**INSTRUCTIONS TO FOLLOW:** Exclude all images and print the entries below exactly.
╭─ EXERCISE MATERIAL
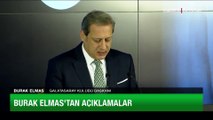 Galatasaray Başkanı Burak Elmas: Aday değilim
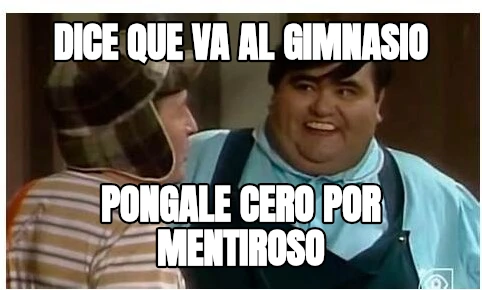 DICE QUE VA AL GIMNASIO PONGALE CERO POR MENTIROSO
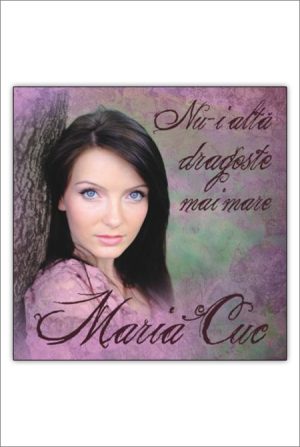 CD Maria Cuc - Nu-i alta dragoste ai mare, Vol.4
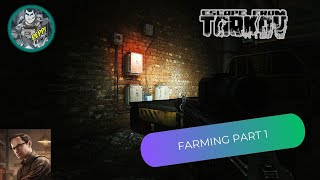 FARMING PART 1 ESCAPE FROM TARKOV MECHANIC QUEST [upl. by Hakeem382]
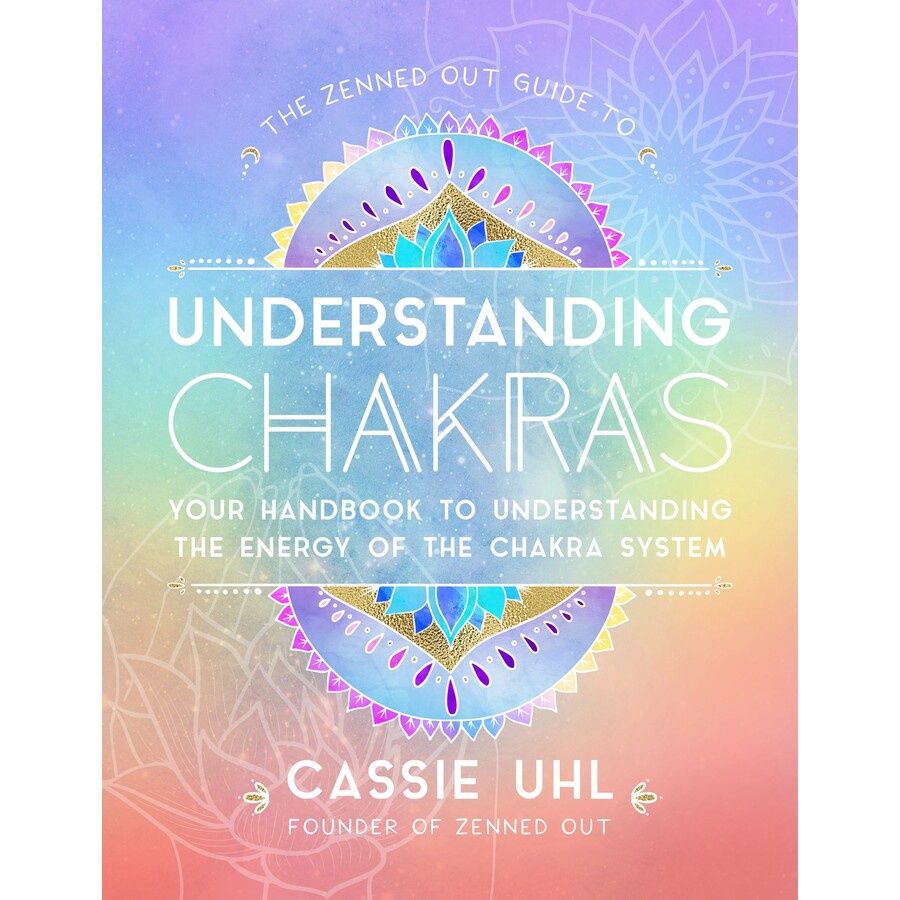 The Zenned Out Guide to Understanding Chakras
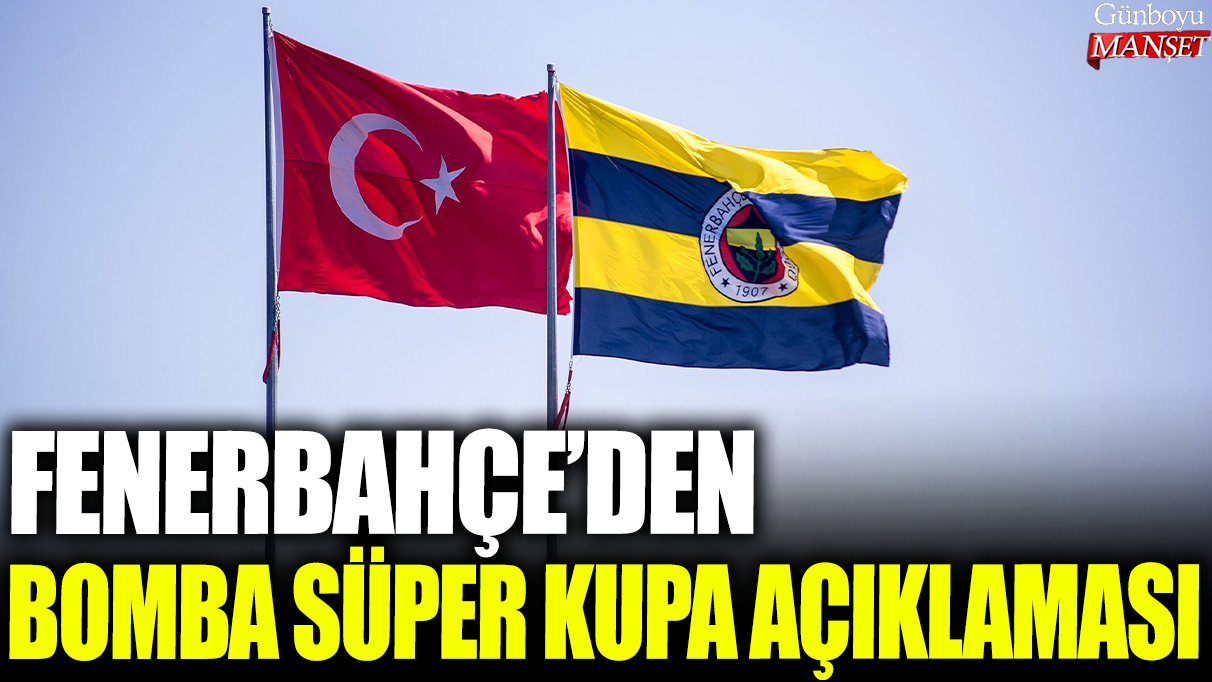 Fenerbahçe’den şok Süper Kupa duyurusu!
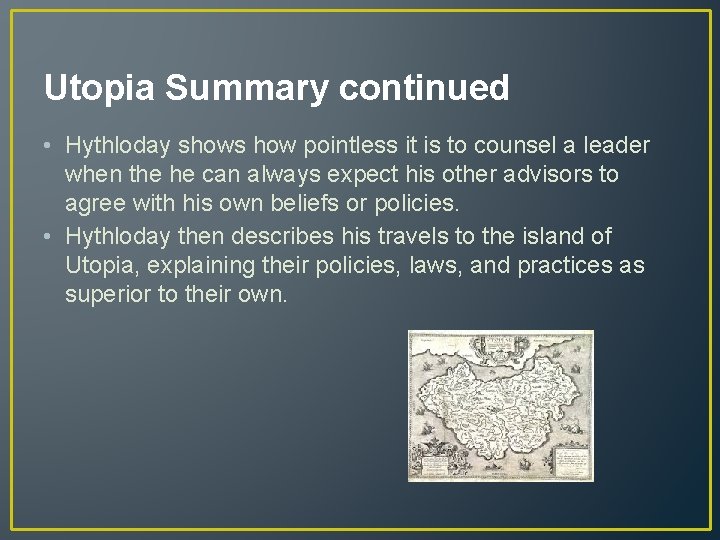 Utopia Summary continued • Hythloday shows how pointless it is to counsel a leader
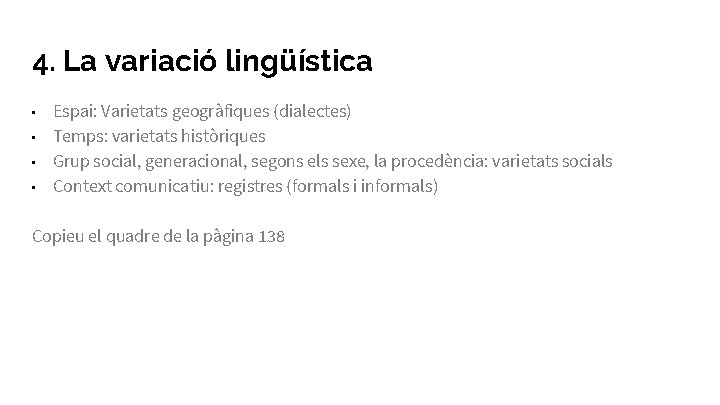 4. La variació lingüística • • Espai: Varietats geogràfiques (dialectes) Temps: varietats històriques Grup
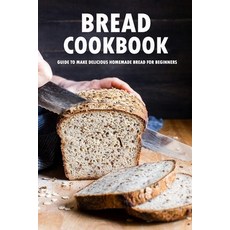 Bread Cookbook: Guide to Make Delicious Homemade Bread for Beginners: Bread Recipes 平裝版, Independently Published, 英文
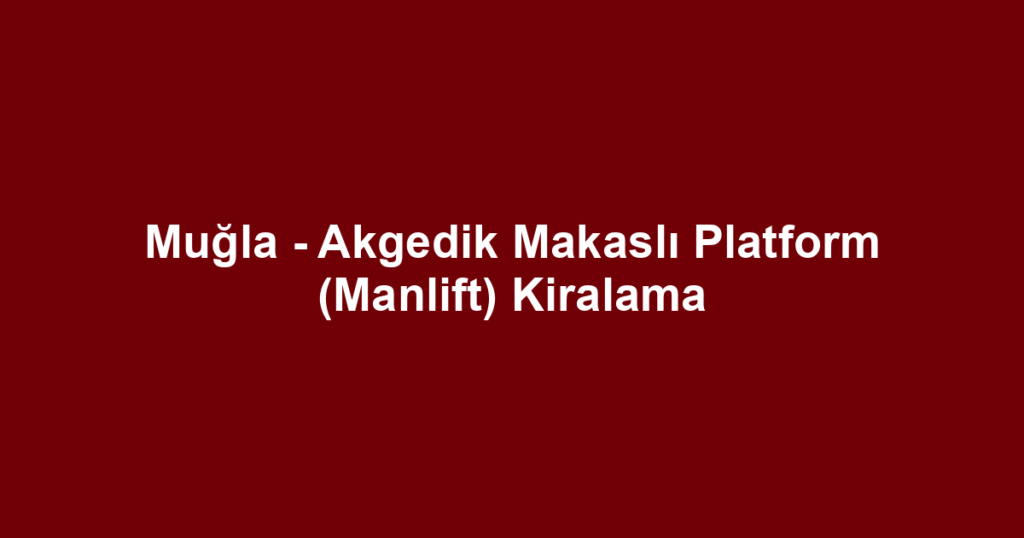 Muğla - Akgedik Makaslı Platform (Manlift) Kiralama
╰─
**COMPLETED TASK:**
 Galatasaray Başkanı Burak Elmas: Aday değilim
 DICE QUE VA AL GIMNASIO PONGALE CERO POR MENTIROSO
 CD Maria Cuc - Nu-i alta dragoste ai mare, Vol.4
 FARMING PART 1 ESCAPE FROM TARKOV MECHANIC QUEST [upl. by Hakeem382]
 The Zenned Out Guide to Understanding Chakras
 Fenerbahçe’den şok Süper Kupa duyurusu!
 Utopia Summary continued • Hythloday shows how pointless it is to counsel a leader
 4. La variació lingüística • • Espai: Varietats geogràfiques (dialectes) Temps: varietats històriques Grup
 Bread Cookbook: Guide to Make Delicious Homemade Bread for Beginners: Bread Recipes 平裝版, Independently Published, 英文
 Muğla - Akgedik Makaslı Platform (Manlift) Kiralama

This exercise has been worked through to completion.